## What needs to be done
From the first line to the last, restate every record word for word, leaving out the pictures.

BEGIN

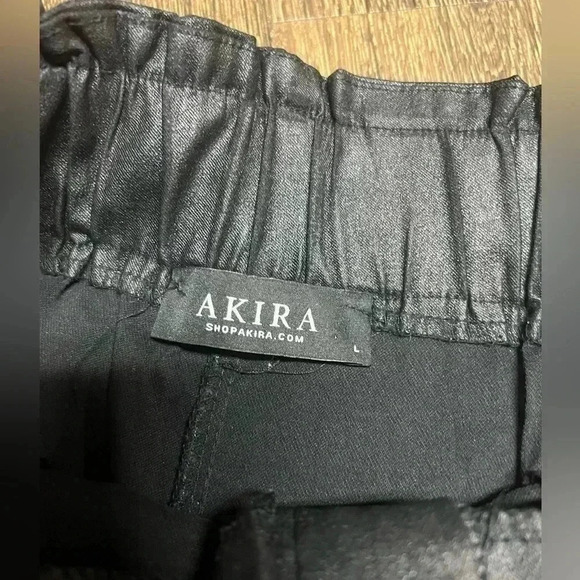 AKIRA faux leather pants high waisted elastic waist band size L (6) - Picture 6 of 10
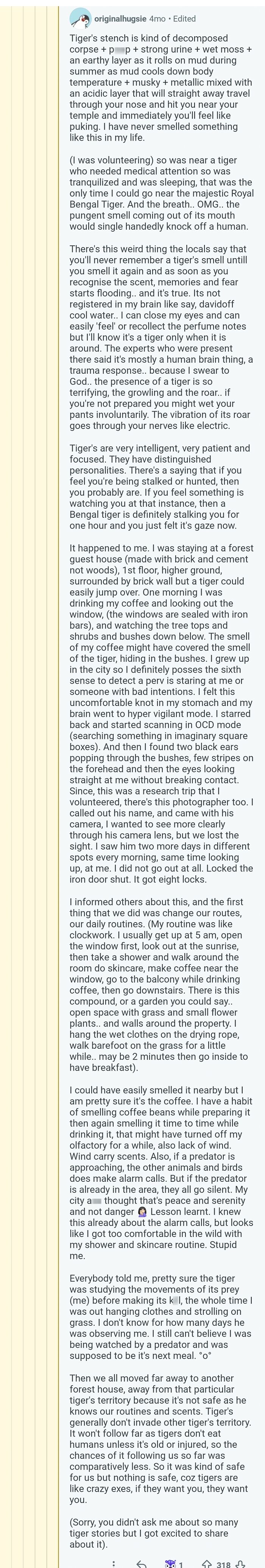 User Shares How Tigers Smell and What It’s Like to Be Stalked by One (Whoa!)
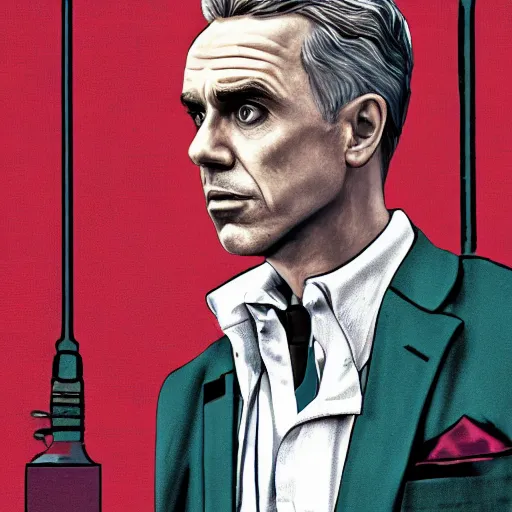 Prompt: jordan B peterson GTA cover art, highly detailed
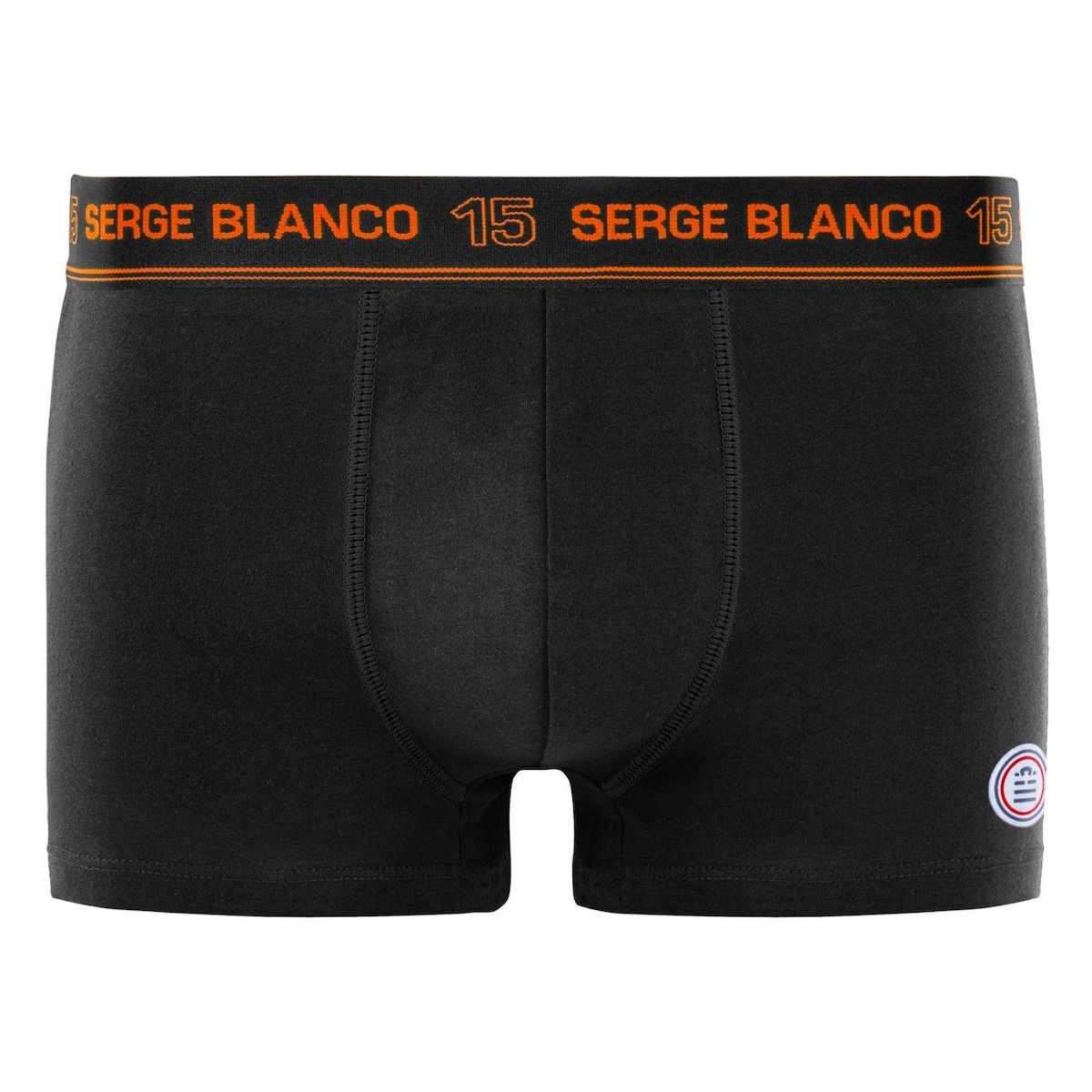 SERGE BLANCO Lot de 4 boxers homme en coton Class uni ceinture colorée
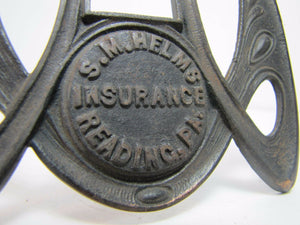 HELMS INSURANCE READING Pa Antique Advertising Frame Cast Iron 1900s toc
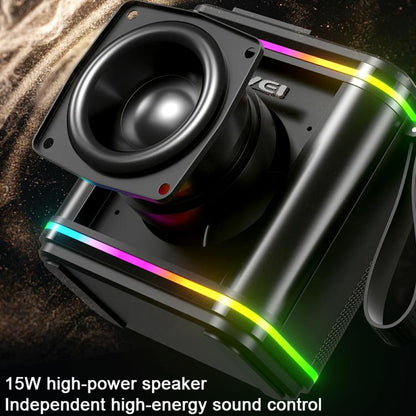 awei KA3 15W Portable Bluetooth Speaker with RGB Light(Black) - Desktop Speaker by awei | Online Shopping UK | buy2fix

END

## Output
 AKIRA faux leather pants high waisted elastic waist band size L (6) - Picture 6 of 10
 User Shares How Tigers Smell and What It’s Like to Be Stalked by One (Whoa!)
 Prompt: jordan B peterson GTA cover art, highly detailed
 SERGE BLANCO Lot de 4 boxers homme en coton Class uni ceinture colorée
 HELMS INSURANCE READING Pa Antique Advertising Frame Cast Iron 1900s toc
 awei KA3 15W Portable Bluetooth Speaker with RGB Light(Black) - Desktop Speaker by awei | Online Shopping UK | buy2fix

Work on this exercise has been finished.